Erck, a 10-year member of Hudson's noon club, was lauded by club president Dan Martens for her work with the annual rose sale fundraiser, for organizing monthly meals for the Salvation Army's Grace Place shelter at Somerset, mentoring youth, club and district leadership and generous contributions from her business, Hudson Floral.
Knutson was singled out for his leadership at the club and district levels, for his Rotary Foundation fundraising work, for increasing the visibility of the Shelterbox project for disaster relief, numerous community service projects, his passion for community and Rotary causes.
"John epitomizes Service Above Self as he is involved in some fashion with nearly every non-profit agency in the community as well as making sure Rotarians and other community leaders are connected with the local non-profit agencies. John, like most community leaders, has a flaw; when asked to serve, he can't say no," said Daybreak Rotary president Annette Cook in presenting the award.
Two non-Rotarians were presented with honorary Paul Harris Fellow awards Saturday evening. The award, named after Rotary's founder, means at least $1,000 was contributed to the Foundation in their names.

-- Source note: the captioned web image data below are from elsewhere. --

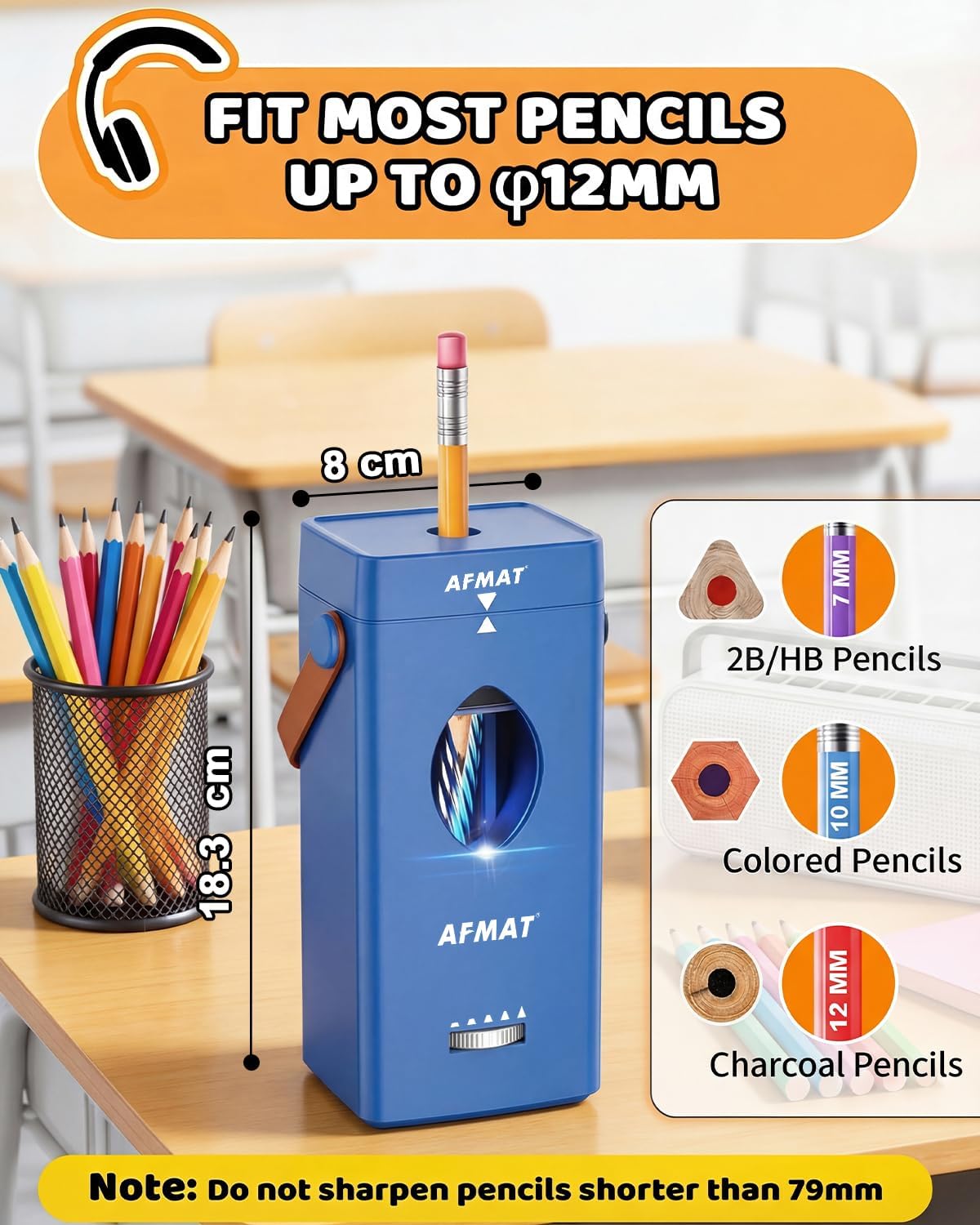 AFMAT Electric Pencil Sharpener, Rechargeable & Cordless, Fully Automatic Pencil Sharpener for Classroom, Auto in & Out, 5 Sharpness Modes, Heavy Duty Sharpeners for 6-12mm No.2/Jumbo Pencils PSC7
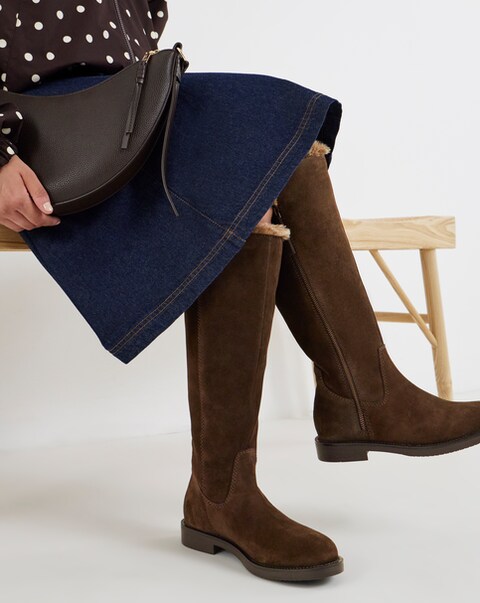 New In - Fur Lined Flat Knee Boots Ex Wide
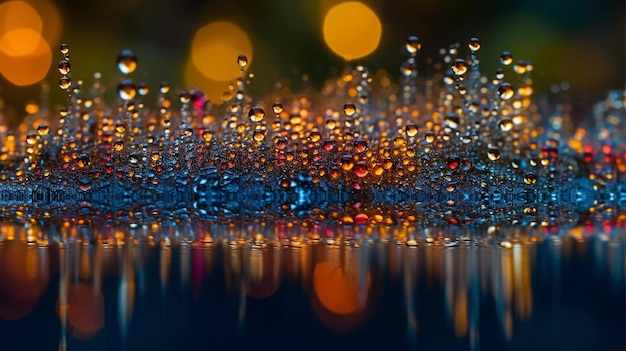 Droplet Dance waterdruppels dansen op het oppervlak van een vijver Generatieve Ai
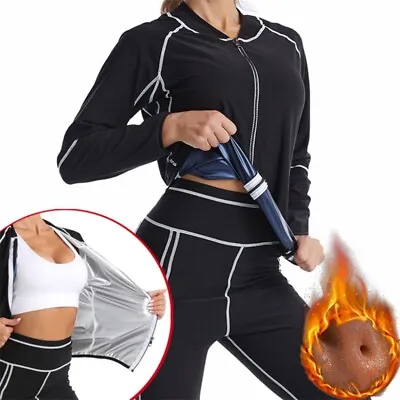 $47.99 • Buy Women Sauna Sweat Tracksuit Abdomen Control Slim Body Shaper Suit Long Sleeve 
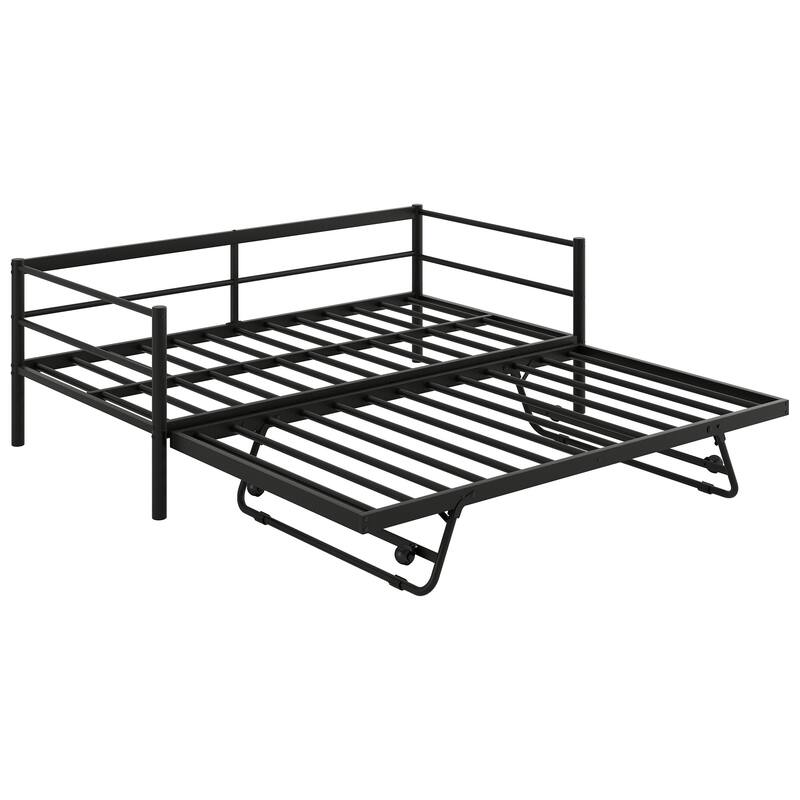 Twin Size Metal Daybed with LED, Adjustable Trundle, Black
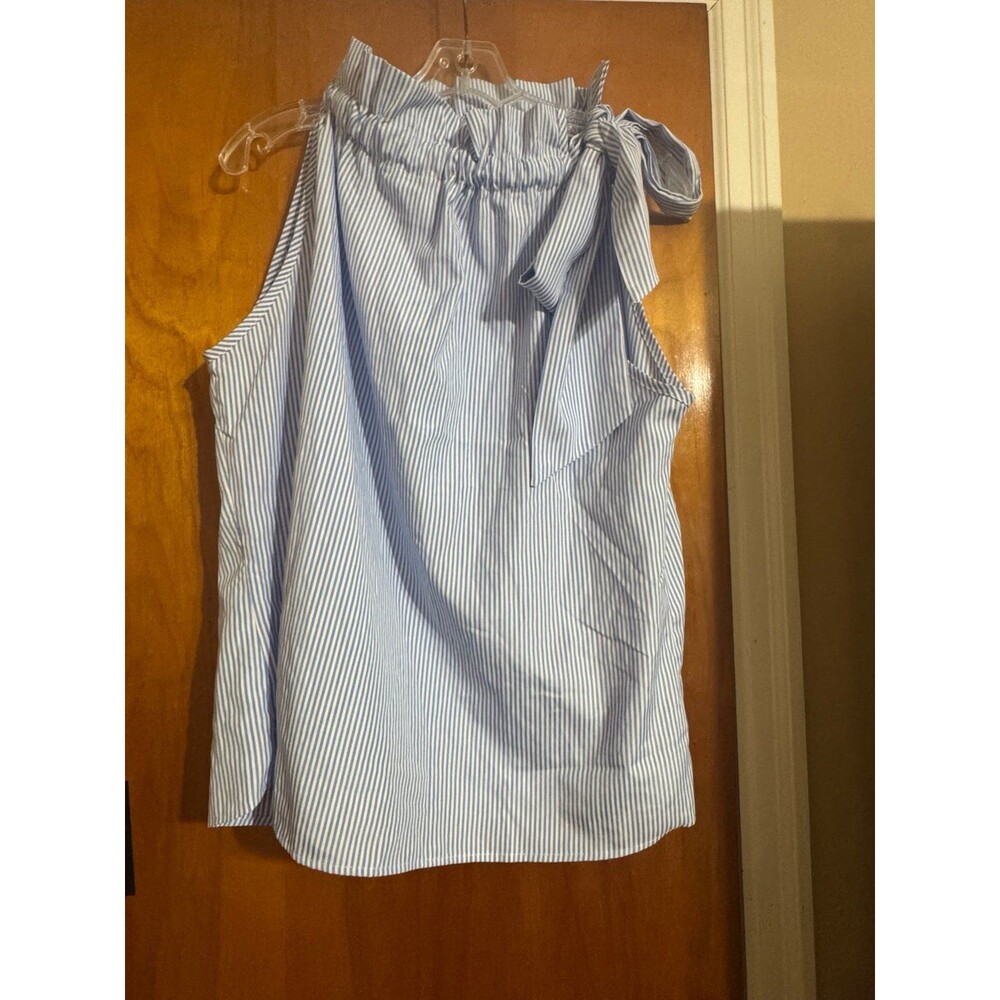 Boutique Blue Striped Tie Back Ruffle neck Shoulder Tie Blouse in XL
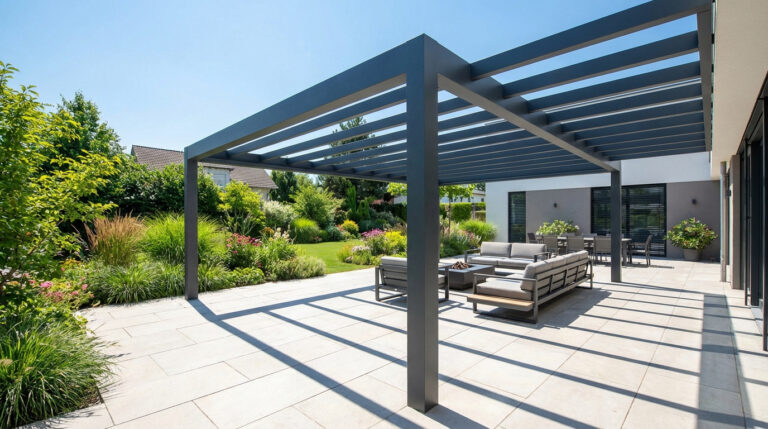 Grande pergola en acier anthracite sur une terrasse moderne avec mobilier de jardin, donnant sur un jardin verdoyant sous un ciel bleu.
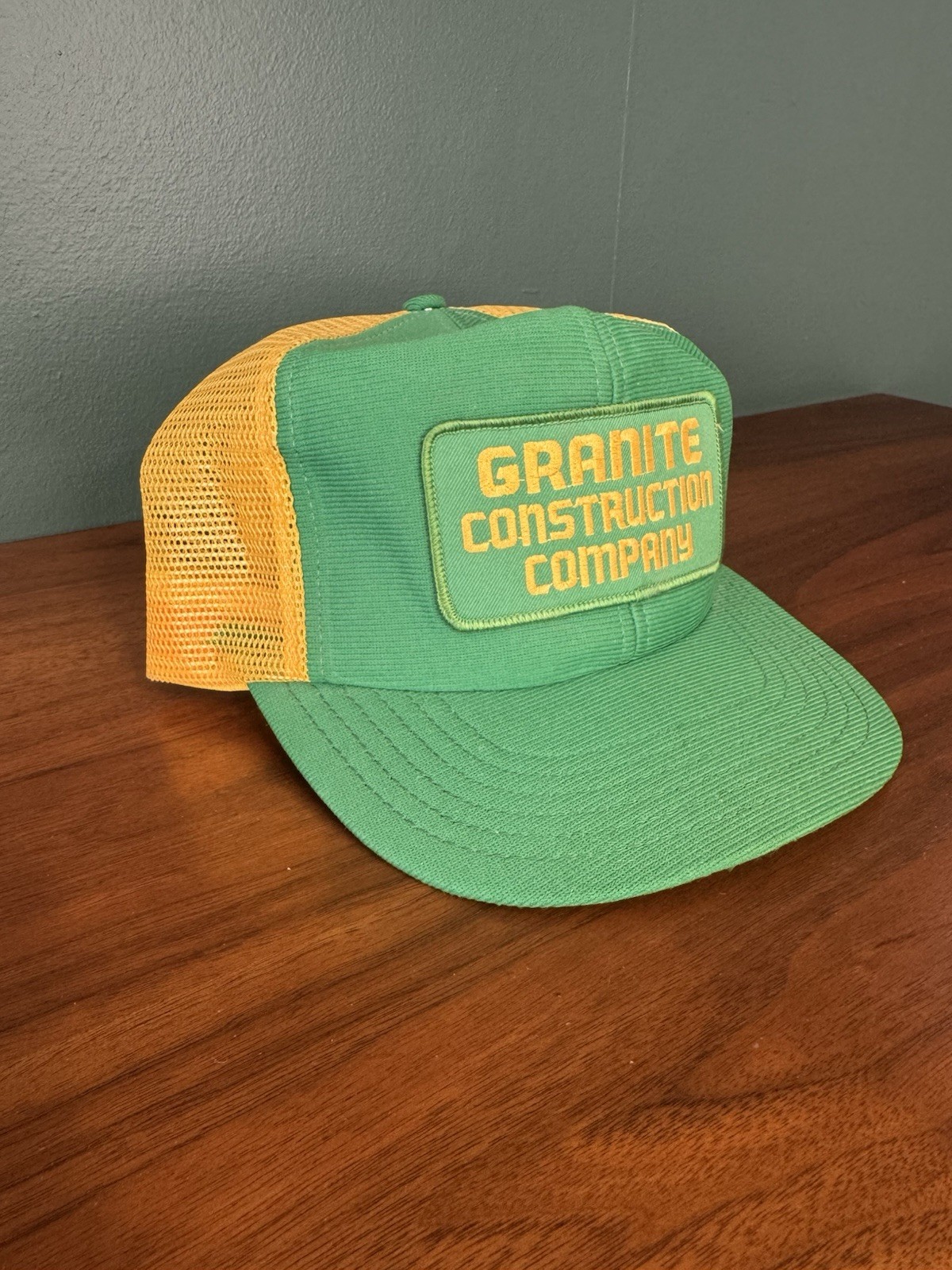 Vintage Green and Yellow “Granite Construction Company” Mesh Snapback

Recipient Cindy Mitchell, a Hudson School District teacher and coordinator for the district's STRIVE program, was lauded as "a dedicated educator who has exemplified the attributes of the Paul Harris award as a champion of program development for high school students who are at risk for dropping out of school," said presenter Garth Christenson. "She and her team have studied the best practices and written grants to help sustain the program in Hudson.
"Cindy herself has been an inspirational leader drawing others into the effort of developing programming and curricular materials for students. Her efforts and those of her team are integral to Hudson maintaining the high graduation rates that have been achieved over the years."
STRIVE is an acronym formed from "socialization, transition, reflection, innovation, vocation and education." The program addresses many issues faced by young adults including improving fundamental academic skills, developing leadership potential, improving economic opportunities through continuing education, enhancing or upgrading work skills, integrating literary and social skills into occupational/vocational opportunities, fostering career opportunities through education and training, and promoting peer support for parents and siblings of this young population.
Pastor Van Bredeson was the second citizen recognized. In making the award, Rotarian Steve Wilcox said it was Van Bredeson's 1995 presentation about Minneapolis-based Search Institute's Developmental Assets survey that stimulated our club and many members still active today to take action. The Daybreak Rotary's involvement spiraled into community meetings, a survey of community assets, youth focus groups and compilation of youth needs. As a result, seven volleyball courts were built in city parks, an Interact Youth Service Club was formed at the high school, a new STRIVE program for "at-risk" students was begun, a coaches mentorship program formed, the Royalty Wheel Park was conceived and built, a teen center was developed at the Hudson YMCA, Junior Achievement was initiated in local schools and the organization now known as Youth Action Hudson was created.
Van Bredeson's inspiration has also resulted in youth scholarships at the high school, a bicycle "round-up," a school mentorship program, park benches around the community and more.
"The Power of One is often talked about as a catalyst of initiation that, like the rain drop on the sheet of water, starts the ripple of activity outlined above. During my tenure in Rotary of 33 years your presentation stands out as that catalyzing moment where many of us looked at one another and decided we could collectively make a big difference with our Hudson youth," Wilcox said.
Award recipient John Knutson later returned to the podium to pick up a diamond, valued at $1,000, which he won as a participant in a raffle fundraiser.